5pm. I would never ever imagine that they will go that far – not just 50 bp Fed funds rate cut, but also 50 bp discount rate cut! It’s pretty much beating all expectations of the market.

Feds are very smart people, and I think they perfectly understand that things are very bad in the economy. This helicopter cut means that very, very aggressive rate cuts are ahead of us. We will see 1% rate not far away.

Up to now it was a game to save the dollar, to hold rates as long as possible to prevent the dollar meltdown, as the dollar index is very close to historic lows which we must not break.

But we are very lucky. The “Northern Rock” bank run in London was such a big blow to Europe credentials that dollar is not in a big danger anymore. Now we can cut as we pleased.

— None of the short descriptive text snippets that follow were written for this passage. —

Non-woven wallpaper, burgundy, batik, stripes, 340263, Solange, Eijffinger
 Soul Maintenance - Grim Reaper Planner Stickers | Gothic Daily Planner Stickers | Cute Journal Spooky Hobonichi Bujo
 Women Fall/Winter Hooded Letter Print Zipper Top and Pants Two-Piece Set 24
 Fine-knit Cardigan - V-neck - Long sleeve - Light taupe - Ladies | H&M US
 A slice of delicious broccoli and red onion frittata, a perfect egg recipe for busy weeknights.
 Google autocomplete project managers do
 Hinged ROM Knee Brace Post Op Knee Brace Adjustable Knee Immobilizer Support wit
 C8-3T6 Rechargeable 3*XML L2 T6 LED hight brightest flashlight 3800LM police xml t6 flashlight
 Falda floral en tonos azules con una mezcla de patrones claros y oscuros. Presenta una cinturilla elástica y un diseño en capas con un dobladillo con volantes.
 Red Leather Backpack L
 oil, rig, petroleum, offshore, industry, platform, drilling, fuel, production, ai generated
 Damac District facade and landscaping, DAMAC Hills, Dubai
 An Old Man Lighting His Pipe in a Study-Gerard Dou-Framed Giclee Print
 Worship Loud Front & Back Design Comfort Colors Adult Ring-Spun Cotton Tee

Now the market melted up, and it’s probably a maximum before a big impressive bear market

10pm. Comparing today cut with the previous similar cut, which happened at January 3rd 2001 I should point at the differences:

  1. Back then Greenspan didn’t have to prove his anti-inflation credibility, while Bernanke has very short track record
  2. Back in 2001 earl and gold were not at record highs
  3. Dollar was not record low
  4. Back then it was a 50/25 cut, now we got 50/50 cut
  5. But back then it was an unscheduled meeting, today it’s scheduled
  6. But we already got an unscheduled cut last month, so the discount rate is already 100bp lower
  7. The reason for 2001 cut was “weakening sales, production and lower consumer confidence”. That’s it? You must be kidding me!
  8. This time we already have all this and on top of it “disruptions in financial markets” and “tightening of credit conditions has the potential to intensify the housing correction”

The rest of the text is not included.